Ella suspiró y cambió de tema. Me contó sobre una campaña nueva en la agencia y cómo le costaba dormir por el estrés. Yo asentía, pero sentía que hablábamos desde planetas distintos.
La soledad es una bestia silenciosa. Se cuela entre los huecos de la rutina: cuando preparo café para uno solo, cuando pongo la mesa y me doy cuenta de que ya no hace falta sacar más platos. Los domingos son los peores. Antes cocinaba ajíaco para todos; ahora apenas caliento una sopa instantánea y me siento frente al televisor apagado.
Una tarde de diciembre, mientras ordenaba el armario, encontré una caja llena de cartas. Eran dibujos y notas que mis hijos me habían dejado cuando eran pequeños: “Te amo, mamá”, “Gracias por cuidarme”, “Eres la mejor”. Las leí una por una, sintiendo cómo el pecho se me apretaba con cada palabra. ¿En qué momento dejamos de decirnos estas cosas?
Mi hermana Lucía viene a visitarme a veces. Ella también tiene hijos grandes, pero dice que no le pesa tanto la distancia porque siempre fue más independiente.
—Elena, tienes que salir más —me aconseja—. Apúntate al grupo de lectura del barrio o ven conmigo a la iglesia.
Le sonrío, pero no entiende. No es solo salir; es sentir que mi vida tenía un propósito y ahora ese propósito se ha ido lejos, en aviones y buses intermunicipales.
Una noche soñé que Camilo volvía a casa. Entraba por la puerta con una maleta vieja y me abrazaba fuerte. Me desperté llorando. Al día siguiente le escribí un mensaje: “Hijo, te extraño mucho. ¿Cuándo vienes a visitarme?” No respondió.

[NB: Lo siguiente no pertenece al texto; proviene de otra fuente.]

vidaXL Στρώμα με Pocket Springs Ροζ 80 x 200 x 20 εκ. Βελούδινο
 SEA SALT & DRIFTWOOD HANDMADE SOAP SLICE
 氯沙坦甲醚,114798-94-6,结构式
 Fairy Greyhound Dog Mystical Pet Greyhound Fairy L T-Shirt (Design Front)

La Navidad llegó y con ella una tarjeta desde Toronto: “Feliz Navidad, mamá. Espero que estés bien”. Ni una llamada, ni una foto. Mariana mandó un mensaje rápido: “No puedo ir este año, tengo mucho trabajo”. Gregorio ni siquiera escribió.
El 24 de diciembre cené sola. Puse villancicos en la radio y brindé conmigo misma por los años en que la casa estaba llena. Pensé en mi madre, en cómo lloraba cuando yo me fui a estudiar a Bogotá desde nuestro pueblo en Boyacá. Ahora entiendo su dolor.
A veces salgo al parque y veo a otras madres con sus hijos pequeños. Me pregunto si saben lo rápido que pasa todo; si valoran esos momentos antes de que el silencio lo cubra todo.
Un día recibí una llamada inesperada. Era Gregorio.
—Mamá… —su voz temblaba—. ¿Estás bien?
No supe qué decirle. Solo lloré en silencio mientras él hablaba del calor de Cali y de cómo extrañaba mi sopa de lentejas.
—Te extraño —me dijo al final—. Prometo ir pronto.
Colgué sintiendo una mezcla de alegría y tristeza. ¿Por qué tiene que doler tanto amar?
Hoy escribo esto sentada junto a la ventana, viendo cómo cae la lluvia sobre Bogotá. La ciudad sigue viva allá afuera, pero aquí adentro solo quedan los ecos de lo que fue mi familia unida.
¿Será que algún día volverán? ¿O tendré que aprender a llenar este silencio con algo más que recuerdos? ¿Ustedes también sienten este vacío cuando los hijos se van?